The Care Quality Commission (CQC) said Castlebeck had agreed to close Arden Vale, in Meriden, near Coventry, by next Thursday.

Castlebeck said it was making other arrangements for the 19 residents.

The company owns Winterbourne View, in Bristol, where abuse was filmed by an undercover BBC Panorama journalist.

'No evidence'

Since the BBC One programme was broadcast, the home for people with learning disabilities has been closed by the CQC.

And Castlebeck announced last week that it was to shut Rose Villa, also in Bristol, for "operational reasons".

Arden Vale, which cares for people with mental health problems and learning disabilities, was the subject of legal action by the CQC after it inspected the facility in June.

The move would have prevented Castlebeck from operating at the site.
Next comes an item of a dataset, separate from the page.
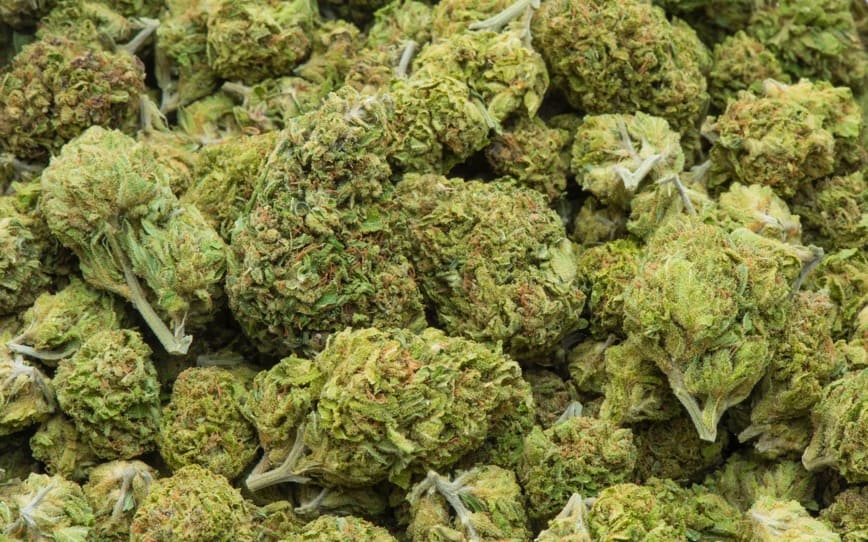 ECS Botanics signs medicinal cannabis supply deal with MediCann Health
Andrea Gordon, CQC's regional director for the West and East Midlands, said it had taken action after seeing "no evidence" of the improvements to care it had demanded.

She said: "Castlebeck has responded to our action by agreeing to close the service on a voluntary basis.

"When CQC published reports into all 23 Castlebeck locations at the end of last month, we identified four services where we had significant concerns.

"Arden Vale will be the second of these locations to close; Rose Villa in Bristol closed last week. A third service, Winterbourne View, was closed following CQC action in June.

"We continue to monitor all Castlebeck services very closely."

Lee Reed, Castlebeck chief executive, said it agreed with the CQC's report and would not appeal against the body's decision.

'Improved reporting systems'

He said: "We will be working with the people in our care at Arden Vale, as well as their families and care managers, to ensure that there is minimum disruption and that the right services are found for their needs."

The chief executive said Castlebeck was already in the process of introducing improved training and "significantly improved reporting systems".

"We remain deeply sorry and apologise for any incidences where our services have in the past not met the high standards that we, those we support and their families, expect and deserve."